### Exercise aim
Give back the entries in full, exactly as they are written.

>>>

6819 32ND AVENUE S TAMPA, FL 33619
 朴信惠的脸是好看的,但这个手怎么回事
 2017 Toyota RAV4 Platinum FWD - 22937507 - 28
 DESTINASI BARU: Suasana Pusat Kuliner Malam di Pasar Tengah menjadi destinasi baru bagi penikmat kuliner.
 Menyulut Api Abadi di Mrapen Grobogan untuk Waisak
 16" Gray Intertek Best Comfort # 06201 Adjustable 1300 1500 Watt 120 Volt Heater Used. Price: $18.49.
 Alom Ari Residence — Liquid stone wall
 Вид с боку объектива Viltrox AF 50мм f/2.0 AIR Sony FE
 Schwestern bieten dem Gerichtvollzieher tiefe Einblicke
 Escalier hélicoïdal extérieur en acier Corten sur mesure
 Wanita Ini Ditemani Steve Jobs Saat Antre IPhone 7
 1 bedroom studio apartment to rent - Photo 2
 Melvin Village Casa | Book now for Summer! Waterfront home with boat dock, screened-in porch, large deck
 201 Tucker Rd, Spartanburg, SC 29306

<<<

### Result of the exercise
6819 32ND AVENUE S TAMPA, FL 33619
 朴信惠的脸是好看的,但这个手怎么回事
 2017 Toyota RAV4 Platinum FWD - 22937507 - 28
 DESTINASI BARU: Suasana Pusat Kuliner Malam di Pasar Tengah menjadi destinasi baru bagi penikmat kuliner.
 Menyulut Api Abadi di Mrapen Grobogan untuk Waisak
 16" Gray Intertek Best Comfort # 06201 Adjustable 1300 1500 Watt 120 Volt Heater Used. Price: $18.49.
 Alom Ari Residence — Liquid stone wall
 Вид с боку объектива Viltrox AF 50мм f/2.0 AIR Sony FE
 Schwestern bieten dem Gerichtvollzieher tiefe Einblicke
 Escalier hélicoïdal extérieur en acier Corten sur mesure
 Wanita Ini Ditemani Steve Jobs Saat Antre IPhone 7
 1 bedroom studio apartment to rent - Photo 2
 Melvin Village Casa | Book now for Summer! Waterfront home with boat dock, screened-in porch, large deck
 201 Tucker Rd, Spartanburg, SC 29306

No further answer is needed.